Illustration of the inferred size of a super-Earth (center) in comparison with Earth and Neptune.  Via Aldaron on Wikipedia
Illustration of the inferred size of a super-Earth (center) in comparison with Earth and Neptune. Via Aldaron on Wikipedia

NASA’s Kepler spacecraft, which launched on a planet-hunting mission in 2009, searched one small patch of the sky and identified more than 4,000 candidate exoplanets. These distant worlds orbit stars other than our own sun. Kepler’s survey was the first to provide a definitive look at the relative frequency of planets as a function of size. Its results suggested that small planets are much more common than big ones. Interestingly, the most common planets are those that are just a bit larger than Earth but smaller than Neptune — the so-called super-Earths.
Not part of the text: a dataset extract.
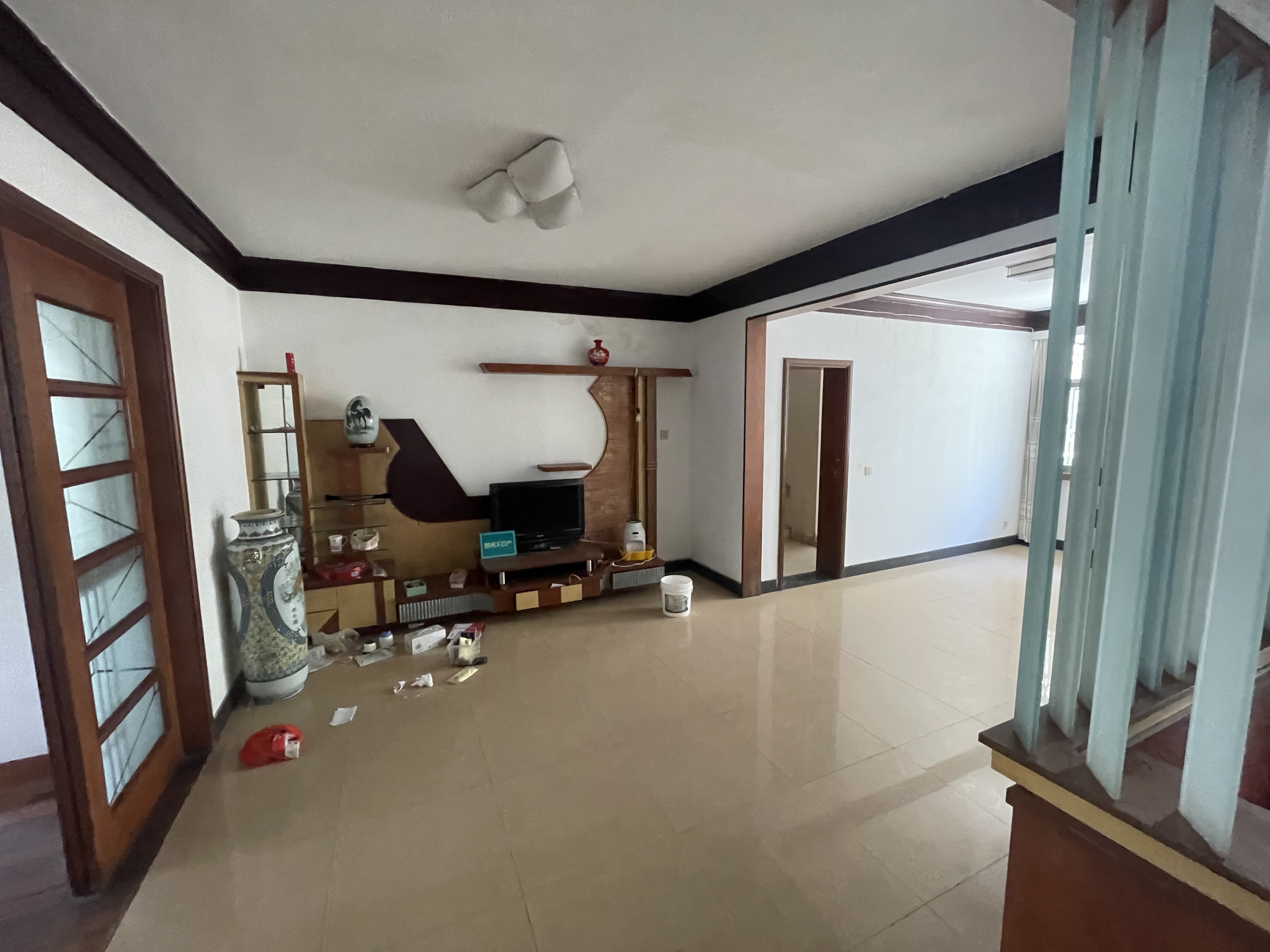 物质公司宿舍  汪洲河路 大平层 6房  步行街对面  仙下河旁  方便看房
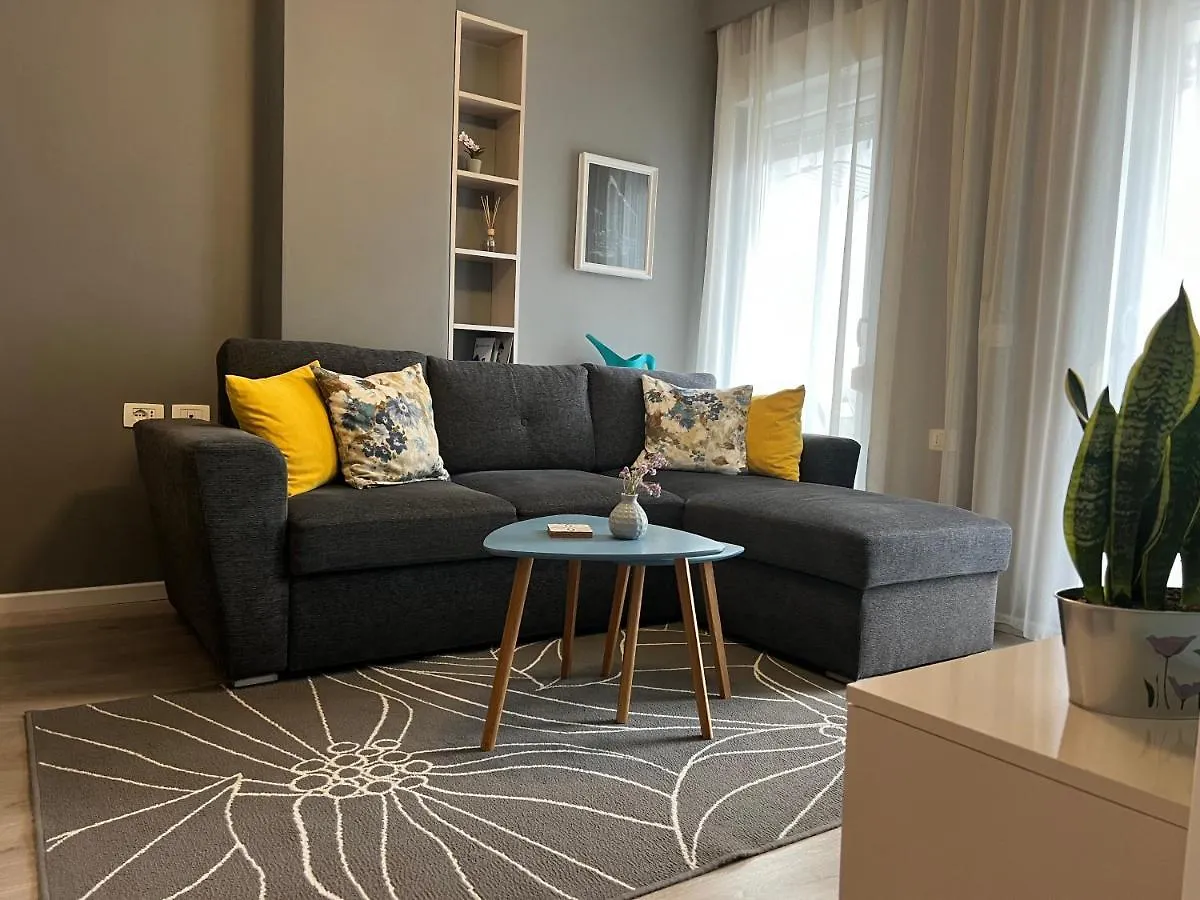 Alpha Auriga Quiet Apartment Tiran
There are no super-Earths in our own solar system. While astronomers nowadays are able to look across distant space, and learn something about the sizes and orbits of the super-Earths, they’d like to know … what are super-Earth made of?

A super-Earth could be a bigger version of our own Earth — mostly rocky, with an atmosphere. Or it could be a mini-Neptune, with a large rock-ice core encapsulated in a thick envelope of hydrogen and helium. Or a super-Earth might be a water world — a rocky core enveloped in a blanket of water and perhaps an atmosphere composed of steam (depending on the temperature of the planet).

Heather Knutson is an assistant professor of planetary science at Caltech. She and her students use space-based observatories like the Hubble and Spitzer Space Telescopes to learn more about super-Earths. Knutson said:

It’s really interesting to think about these planets because they could have so many different compositions, and knowing their composition will tell us a lot about how planets form.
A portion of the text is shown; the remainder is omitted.